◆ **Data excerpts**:

┌────────

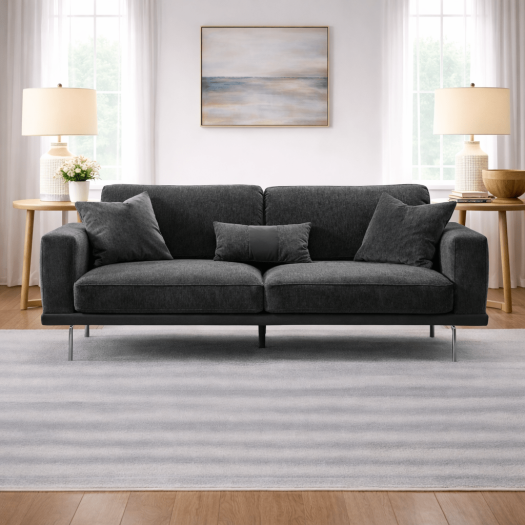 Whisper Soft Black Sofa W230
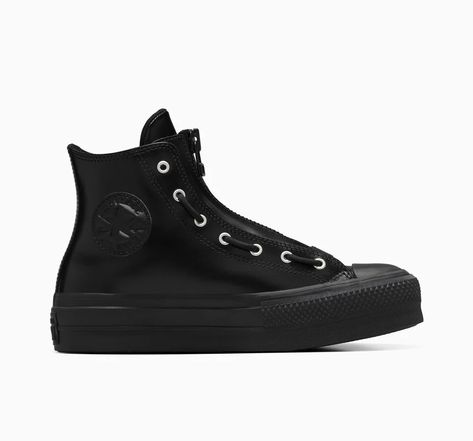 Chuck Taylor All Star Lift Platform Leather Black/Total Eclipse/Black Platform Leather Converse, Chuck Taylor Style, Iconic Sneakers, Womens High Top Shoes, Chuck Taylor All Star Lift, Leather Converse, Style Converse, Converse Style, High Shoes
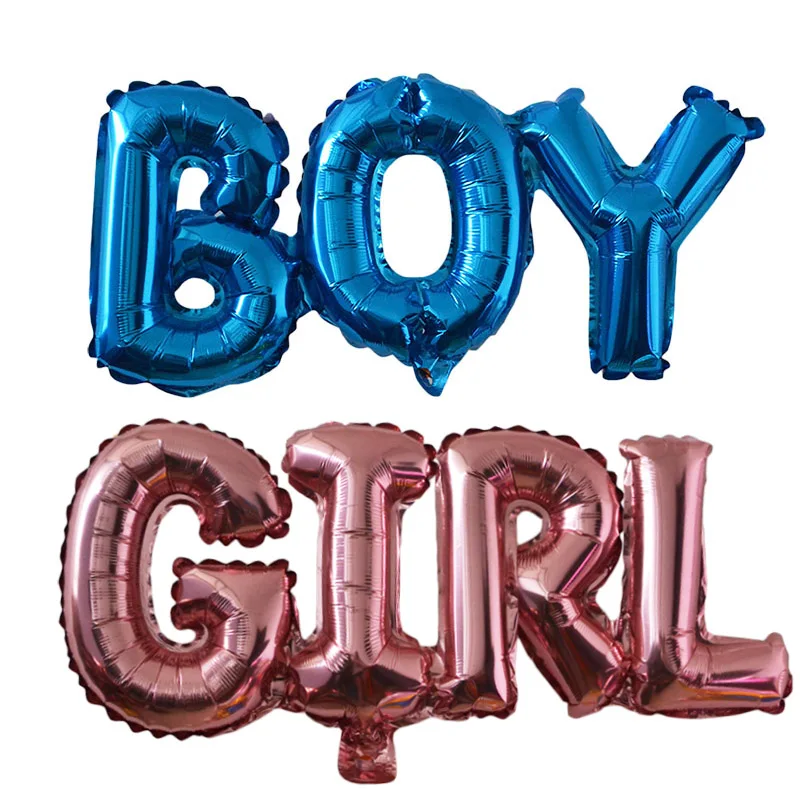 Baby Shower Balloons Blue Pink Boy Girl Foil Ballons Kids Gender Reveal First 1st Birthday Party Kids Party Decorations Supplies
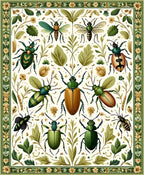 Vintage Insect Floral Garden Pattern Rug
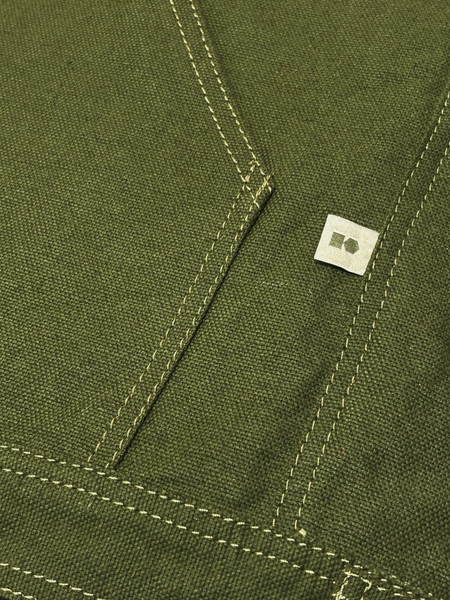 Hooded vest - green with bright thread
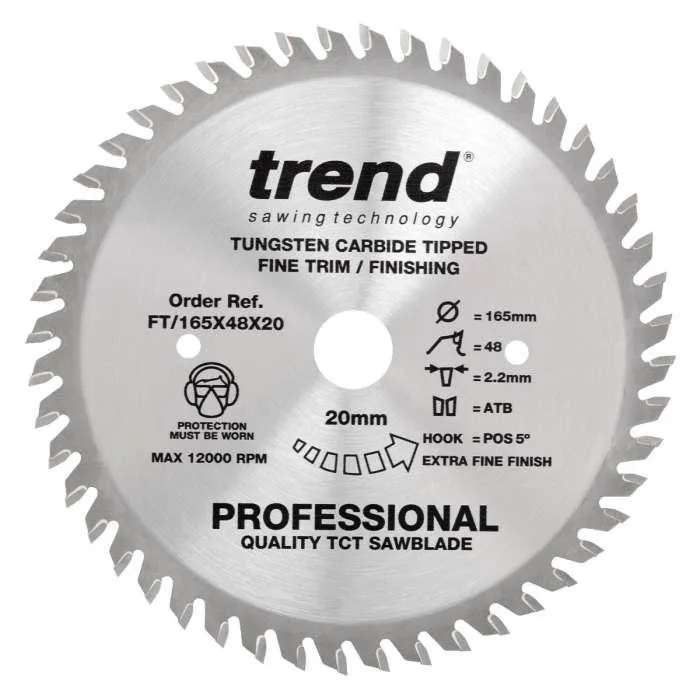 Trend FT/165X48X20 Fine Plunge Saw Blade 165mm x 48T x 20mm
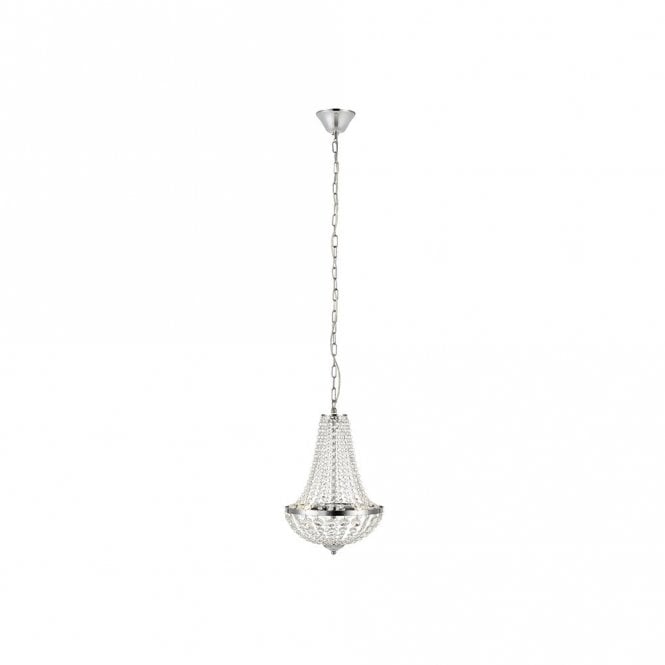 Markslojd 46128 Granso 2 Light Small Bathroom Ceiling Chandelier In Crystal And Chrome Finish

└────────

◆ **ASSIGNMENT**:
The reply should hold only the lines running from the top of the records to the line containing "Hooded vest - green with bright thread", both included, copied exactly with no pictures.

◆ **REPLY TO THE EXERCISE**:
 Whisper Soft Black Sofa W230
 Chuck Taylor All Star Lift Platform Leather Black/Total Eclipse/Black Platform Leather Converse, Chuck Taylor Style, Iconic Sneakers, Womens High Top Shoes, Chuck Taylor All Star Lift, Leather Converse, Style Converse, Converse Style, High Shoes
 Baby Shower Balloons Blue Pink Boy Girl Foil Ballons Kids Gender Reveal First 1st Birthday Party Kids Party Decorations Supplies
 Vintage Insect Floral Garden Pattern Rug
 Hooded vest - green with bright thread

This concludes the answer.